A statement that worked well for losing a contest
In the comments of the earlier post, I was rightly called out for not having anything like a statement online. Here’s what I submitted with these photos for a fellowship competition earlier this year. I don’t represent it as anything other than that: a statement that was good enough not to win a contest. I did get something out of writing it, though.
I’m curious in an indefinite way about the lives of other people, so I make photography from life that is intended to suggest what a friend calls offhand narratives - entry points for imagination which are ambiguous and understated.
A successful photograph has enough realness to ground it and enough detail, dissonance or intrigue to be more than documentary.

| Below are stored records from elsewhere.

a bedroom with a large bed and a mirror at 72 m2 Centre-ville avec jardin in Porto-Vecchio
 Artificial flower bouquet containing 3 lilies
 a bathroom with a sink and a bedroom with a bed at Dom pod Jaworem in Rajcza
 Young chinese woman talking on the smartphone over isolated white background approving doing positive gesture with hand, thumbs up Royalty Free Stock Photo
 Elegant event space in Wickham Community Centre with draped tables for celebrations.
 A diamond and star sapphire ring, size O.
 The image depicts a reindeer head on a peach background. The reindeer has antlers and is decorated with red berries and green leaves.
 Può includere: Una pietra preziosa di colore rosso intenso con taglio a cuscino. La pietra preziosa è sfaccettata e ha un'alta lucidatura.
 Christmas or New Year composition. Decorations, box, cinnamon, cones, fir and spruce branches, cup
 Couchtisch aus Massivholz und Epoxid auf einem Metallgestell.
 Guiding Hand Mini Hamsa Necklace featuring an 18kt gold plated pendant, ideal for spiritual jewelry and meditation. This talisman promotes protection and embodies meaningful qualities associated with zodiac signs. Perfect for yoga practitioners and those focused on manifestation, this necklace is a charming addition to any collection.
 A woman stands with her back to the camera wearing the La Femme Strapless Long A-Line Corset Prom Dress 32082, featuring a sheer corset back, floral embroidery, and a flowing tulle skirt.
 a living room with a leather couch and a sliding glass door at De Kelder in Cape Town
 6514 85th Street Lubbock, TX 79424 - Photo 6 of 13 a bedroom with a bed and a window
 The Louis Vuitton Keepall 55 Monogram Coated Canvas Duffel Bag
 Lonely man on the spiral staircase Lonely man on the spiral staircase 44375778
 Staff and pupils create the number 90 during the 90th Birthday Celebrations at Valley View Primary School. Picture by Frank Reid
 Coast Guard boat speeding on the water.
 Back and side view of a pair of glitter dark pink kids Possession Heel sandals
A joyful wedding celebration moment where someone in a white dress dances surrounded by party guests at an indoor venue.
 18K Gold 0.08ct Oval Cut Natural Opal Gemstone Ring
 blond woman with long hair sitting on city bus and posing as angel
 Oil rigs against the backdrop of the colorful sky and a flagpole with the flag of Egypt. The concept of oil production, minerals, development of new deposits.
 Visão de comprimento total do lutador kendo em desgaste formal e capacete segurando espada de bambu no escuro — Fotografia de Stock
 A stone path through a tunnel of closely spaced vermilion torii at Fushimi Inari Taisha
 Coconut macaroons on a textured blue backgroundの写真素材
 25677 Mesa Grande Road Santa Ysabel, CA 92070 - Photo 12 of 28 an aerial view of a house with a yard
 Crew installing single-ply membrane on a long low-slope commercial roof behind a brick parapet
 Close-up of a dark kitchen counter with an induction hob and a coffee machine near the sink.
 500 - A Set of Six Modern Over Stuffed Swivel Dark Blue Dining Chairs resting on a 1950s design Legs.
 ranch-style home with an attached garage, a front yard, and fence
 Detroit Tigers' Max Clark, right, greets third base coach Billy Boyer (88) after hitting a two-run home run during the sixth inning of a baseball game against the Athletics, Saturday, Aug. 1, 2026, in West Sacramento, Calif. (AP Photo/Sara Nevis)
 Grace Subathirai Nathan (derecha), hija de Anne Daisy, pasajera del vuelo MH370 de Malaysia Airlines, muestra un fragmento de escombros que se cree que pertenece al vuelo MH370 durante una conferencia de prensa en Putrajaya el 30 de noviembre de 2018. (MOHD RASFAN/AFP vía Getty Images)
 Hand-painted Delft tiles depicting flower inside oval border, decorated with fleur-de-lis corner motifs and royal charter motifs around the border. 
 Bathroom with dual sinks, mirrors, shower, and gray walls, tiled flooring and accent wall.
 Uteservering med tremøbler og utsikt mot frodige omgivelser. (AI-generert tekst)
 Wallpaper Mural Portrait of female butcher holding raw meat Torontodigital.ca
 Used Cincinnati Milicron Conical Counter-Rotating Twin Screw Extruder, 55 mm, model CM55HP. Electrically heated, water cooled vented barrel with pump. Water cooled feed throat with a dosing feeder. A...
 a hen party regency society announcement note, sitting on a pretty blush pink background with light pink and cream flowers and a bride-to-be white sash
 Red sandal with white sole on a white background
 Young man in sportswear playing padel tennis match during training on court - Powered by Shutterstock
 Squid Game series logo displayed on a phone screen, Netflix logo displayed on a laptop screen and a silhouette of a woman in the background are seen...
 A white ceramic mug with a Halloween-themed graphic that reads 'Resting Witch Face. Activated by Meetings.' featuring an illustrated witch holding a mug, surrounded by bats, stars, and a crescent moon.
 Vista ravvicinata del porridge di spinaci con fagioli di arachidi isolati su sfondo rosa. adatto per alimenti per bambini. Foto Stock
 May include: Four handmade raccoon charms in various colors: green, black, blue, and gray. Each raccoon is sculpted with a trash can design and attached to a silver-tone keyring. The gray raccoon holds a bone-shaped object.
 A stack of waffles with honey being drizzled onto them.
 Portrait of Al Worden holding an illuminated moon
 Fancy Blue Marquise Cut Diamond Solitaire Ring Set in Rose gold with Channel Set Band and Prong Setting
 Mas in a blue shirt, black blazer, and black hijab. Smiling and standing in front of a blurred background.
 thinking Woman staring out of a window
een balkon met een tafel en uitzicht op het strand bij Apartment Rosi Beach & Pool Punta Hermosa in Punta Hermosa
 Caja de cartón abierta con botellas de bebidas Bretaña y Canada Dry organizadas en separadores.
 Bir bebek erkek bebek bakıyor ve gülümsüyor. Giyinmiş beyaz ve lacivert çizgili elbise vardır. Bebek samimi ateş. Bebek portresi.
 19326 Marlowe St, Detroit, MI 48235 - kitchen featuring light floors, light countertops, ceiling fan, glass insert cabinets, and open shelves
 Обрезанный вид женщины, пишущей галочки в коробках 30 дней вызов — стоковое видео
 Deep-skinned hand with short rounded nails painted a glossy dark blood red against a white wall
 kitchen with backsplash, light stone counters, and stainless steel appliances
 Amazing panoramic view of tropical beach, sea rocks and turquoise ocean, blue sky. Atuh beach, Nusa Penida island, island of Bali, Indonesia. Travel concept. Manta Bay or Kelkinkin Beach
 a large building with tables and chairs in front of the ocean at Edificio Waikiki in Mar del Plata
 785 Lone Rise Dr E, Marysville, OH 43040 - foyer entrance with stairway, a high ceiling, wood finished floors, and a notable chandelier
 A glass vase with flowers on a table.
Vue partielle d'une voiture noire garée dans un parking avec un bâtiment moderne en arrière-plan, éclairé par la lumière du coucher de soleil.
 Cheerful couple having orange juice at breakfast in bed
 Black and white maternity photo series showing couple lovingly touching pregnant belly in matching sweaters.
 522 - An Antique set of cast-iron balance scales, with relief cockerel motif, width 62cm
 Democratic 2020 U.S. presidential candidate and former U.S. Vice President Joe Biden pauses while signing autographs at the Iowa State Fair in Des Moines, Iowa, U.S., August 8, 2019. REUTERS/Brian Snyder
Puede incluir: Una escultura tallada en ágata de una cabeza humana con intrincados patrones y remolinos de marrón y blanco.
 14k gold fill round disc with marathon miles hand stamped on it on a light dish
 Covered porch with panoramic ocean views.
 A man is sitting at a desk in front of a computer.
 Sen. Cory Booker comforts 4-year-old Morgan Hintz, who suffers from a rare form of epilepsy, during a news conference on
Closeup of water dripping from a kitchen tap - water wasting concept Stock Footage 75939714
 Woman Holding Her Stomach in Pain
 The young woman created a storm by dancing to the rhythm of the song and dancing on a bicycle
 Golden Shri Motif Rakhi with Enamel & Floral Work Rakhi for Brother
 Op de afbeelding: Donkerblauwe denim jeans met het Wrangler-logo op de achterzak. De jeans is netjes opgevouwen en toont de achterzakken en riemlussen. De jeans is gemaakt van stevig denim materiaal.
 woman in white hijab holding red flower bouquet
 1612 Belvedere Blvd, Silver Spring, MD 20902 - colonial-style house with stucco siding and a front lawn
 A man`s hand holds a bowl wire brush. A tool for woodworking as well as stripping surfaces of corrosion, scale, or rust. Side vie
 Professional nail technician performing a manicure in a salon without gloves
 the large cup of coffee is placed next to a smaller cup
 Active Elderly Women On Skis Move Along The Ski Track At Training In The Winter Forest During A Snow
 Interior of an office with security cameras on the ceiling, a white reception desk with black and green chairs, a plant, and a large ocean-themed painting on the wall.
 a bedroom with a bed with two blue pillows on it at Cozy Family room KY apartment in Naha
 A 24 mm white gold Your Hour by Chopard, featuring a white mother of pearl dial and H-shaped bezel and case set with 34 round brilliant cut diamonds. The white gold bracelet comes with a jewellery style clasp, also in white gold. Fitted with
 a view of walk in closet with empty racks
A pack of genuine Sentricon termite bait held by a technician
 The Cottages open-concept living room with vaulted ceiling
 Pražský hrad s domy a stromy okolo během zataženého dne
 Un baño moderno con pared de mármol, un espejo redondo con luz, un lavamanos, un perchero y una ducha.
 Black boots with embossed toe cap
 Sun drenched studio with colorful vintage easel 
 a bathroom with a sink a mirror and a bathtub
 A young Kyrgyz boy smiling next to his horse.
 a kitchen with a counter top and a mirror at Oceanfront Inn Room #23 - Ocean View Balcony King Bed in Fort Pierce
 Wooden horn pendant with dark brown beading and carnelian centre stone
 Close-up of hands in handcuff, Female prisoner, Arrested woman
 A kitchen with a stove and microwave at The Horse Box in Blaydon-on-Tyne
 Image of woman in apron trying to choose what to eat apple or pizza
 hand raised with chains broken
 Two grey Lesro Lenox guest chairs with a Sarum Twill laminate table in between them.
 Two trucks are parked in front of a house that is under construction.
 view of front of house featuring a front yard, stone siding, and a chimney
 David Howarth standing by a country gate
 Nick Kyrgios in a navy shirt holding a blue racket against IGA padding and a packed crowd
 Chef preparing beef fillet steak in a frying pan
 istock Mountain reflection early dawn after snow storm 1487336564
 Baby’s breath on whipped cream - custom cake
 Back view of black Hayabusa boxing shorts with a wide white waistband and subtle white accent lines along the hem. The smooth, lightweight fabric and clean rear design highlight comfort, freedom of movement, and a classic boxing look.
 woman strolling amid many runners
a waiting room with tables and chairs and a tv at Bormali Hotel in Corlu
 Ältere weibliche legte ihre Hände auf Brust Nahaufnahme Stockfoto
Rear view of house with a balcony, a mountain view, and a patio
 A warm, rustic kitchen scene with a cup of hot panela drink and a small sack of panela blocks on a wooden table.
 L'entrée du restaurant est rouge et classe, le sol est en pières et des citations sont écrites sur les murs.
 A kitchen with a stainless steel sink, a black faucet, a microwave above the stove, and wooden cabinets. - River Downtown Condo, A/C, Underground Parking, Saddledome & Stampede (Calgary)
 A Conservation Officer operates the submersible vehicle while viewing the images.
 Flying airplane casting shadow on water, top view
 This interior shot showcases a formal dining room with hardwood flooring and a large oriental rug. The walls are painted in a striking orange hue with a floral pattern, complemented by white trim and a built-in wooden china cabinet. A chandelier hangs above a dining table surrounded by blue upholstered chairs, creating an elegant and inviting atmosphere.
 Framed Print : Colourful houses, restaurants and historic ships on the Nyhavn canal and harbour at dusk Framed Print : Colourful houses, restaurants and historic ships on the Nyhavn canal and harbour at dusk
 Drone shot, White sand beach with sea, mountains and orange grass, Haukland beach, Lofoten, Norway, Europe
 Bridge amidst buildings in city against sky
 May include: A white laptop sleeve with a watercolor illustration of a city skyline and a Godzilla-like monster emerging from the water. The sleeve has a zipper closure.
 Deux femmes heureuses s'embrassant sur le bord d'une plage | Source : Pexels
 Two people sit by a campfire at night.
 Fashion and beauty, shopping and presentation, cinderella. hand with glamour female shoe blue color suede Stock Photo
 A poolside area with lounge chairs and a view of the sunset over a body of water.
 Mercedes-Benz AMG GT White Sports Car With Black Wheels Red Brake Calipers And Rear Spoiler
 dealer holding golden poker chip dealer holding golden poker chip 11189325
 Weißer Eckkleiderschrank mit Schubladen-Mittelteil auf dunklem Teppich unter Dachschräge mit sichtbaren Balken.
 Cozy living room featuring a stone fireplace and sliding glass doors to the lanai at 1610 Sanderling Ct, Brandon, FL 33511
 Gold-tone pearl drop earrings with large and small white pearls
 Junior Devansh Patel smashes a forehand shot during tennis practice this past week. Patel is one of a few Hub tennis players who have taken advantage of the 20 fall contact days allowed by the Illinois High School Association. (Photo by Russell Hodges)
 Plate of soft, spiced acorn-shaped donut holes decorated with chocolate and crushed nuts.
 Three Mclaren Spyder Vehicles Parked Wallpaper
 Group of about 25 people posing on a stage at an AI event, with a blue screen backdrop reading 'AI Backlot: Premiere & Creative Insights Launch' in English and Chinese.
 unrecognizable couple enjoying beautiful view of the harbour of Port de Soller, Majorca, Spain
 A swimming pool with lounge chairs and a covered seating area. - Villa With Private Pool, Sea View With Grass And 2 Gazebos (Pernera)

I try to inspire the slightly vertiginous feeling that: This exists. This is a life. Without the documentary constraint that what’s shown is precisely real life.
There are a lot of pitfalls in this kind of work, and I fall into them regularly. I sometimes don’t have the social energy or courage to engage people and get the access I need. When I do enter an exciting and complex situation, I don’t have enough experience to relax and visualize what I want to take from it, and instead often shoot too much with too little focus. And I sometimes fall back on irony and juxtaposition - obvious narrative - rather than the more equivocal and interesting.
The selection I am submitting today is a mix of portrait and street reportage which I hope conveys something about both what I have learned to do with photography thusfar and what I hope to say in the future.